Empirical and comparative studies are a common methodology to conduct exploratory studies in the field of human–computer interaction (HCI), particularly with a focus on VR and three-dimensional user interfaces (3D UI). Generally with many options and possibilities available, either software-, hardware-, or design-based, in order to propose interaction and implementation approaches for VR and 3D UI-related matters (LaViola et al. 2017), empirical and comparative studies provide important practical insights in UX and interaction of a developed system. In order to conduct an informative investigation with appropriate methodological considerations, existing literature was reviewed with the objective to examine such empirical and comparative studies. Conducted investigations, applied data collection methods, and existing findings as presented within the literature provide important directions and considerations for the presented work, informing the overall system design as well as its evaluation.

2.1 Locomotion

The mechanism of virtually moving the user from one place to another while remaining in a fixed position in the real-world environment is commonly known as locomotion (LaValle 2016). Cardoso (2016) compared interaction techniques for locomotion in VR, particularly investigating the differences between gaze-direction, gamepad-based, and gestural input (using a Leap Motion controller) approaches. According to the results of the study’s performance measurement, the gamepad-based approach seemed to be faster and more comfortable to operate within the context of a simple path following task (Cardoso 2016). Medeiros et al. (2016) investigated the effects of speed and transition on target-based travel techniques in VR. Implementing and evaluating three travel techniques (teleportation, linear motion, and animated teleport box) in regard to travel time, speed, and transitions, they conclude that infinite velocity techniques (teleportation) cause less discomfort, and that cybersickness and performance are not significantly impacted by the addition of transition effects to these kinds of techniques (Medeiros et al. 2016).

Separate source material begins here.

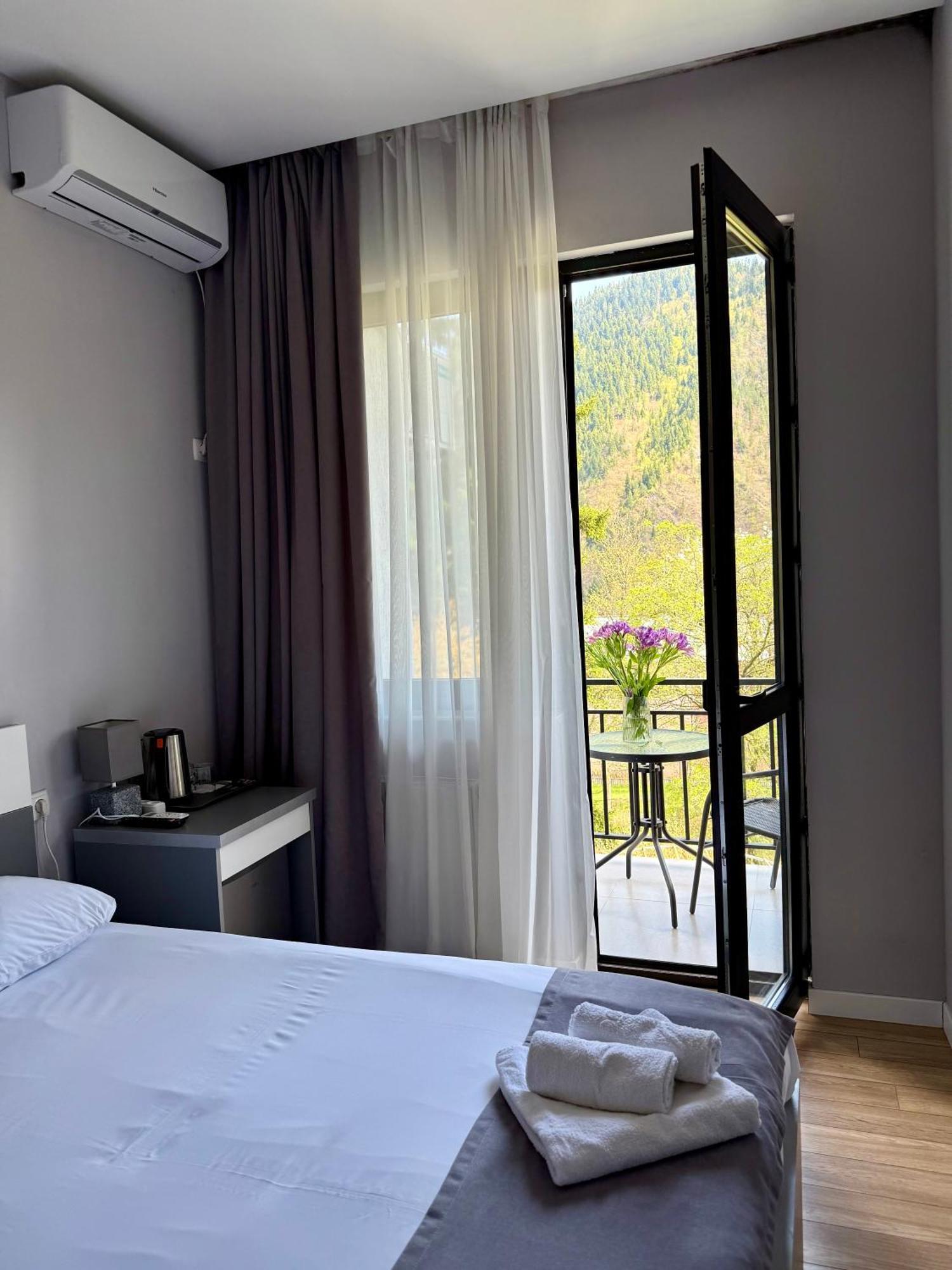Likani Home Borjomi Ngoại thất bức ảnh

The feeling of being in the virtual world is known as the phenomenon of presence (Abrash 2014; LaValle 2016). Slater et al. (1995) investigated the influence of a body-centered interaction approach, particularly a walking-in-place technique, on presence in VR. With the hardware resources at the time (1995), the users rather preferred navigation by pointing, while the authors state that improved technologies may lead to a preference of their proposed interaction technique (Slater et al. 1995). Later, Tregillus et al. (2017) examined hands-free omnidirectional navigation in VR and compared head-tilt alone, head-tilt with walk-in-place, and joystick interaction. Their results indicate that interaction through head-tilt alone was the fastest and thus performed the best, while both head-tilt alone and head-tilt with walk-in-place interaction approaches reportedly increase the feeling of presence compared to the joystick interaction. Applying joystick-based and head-controlled paradigms, Chen et al. (2013) implemented and compared two six degree of freedom (DOF) navigation techniques for VR. Investigating user performance, cybersickness, and the feeling of presence, they report that head-controlled interaction is better than joystick-based approaches for navigation with six DOF (Chen et al. 2013). However, Chen et al. (2013) acknowledge that the results are certainly interesting from an interaction design perspective, while further research is required in order to fully understand this study outcome.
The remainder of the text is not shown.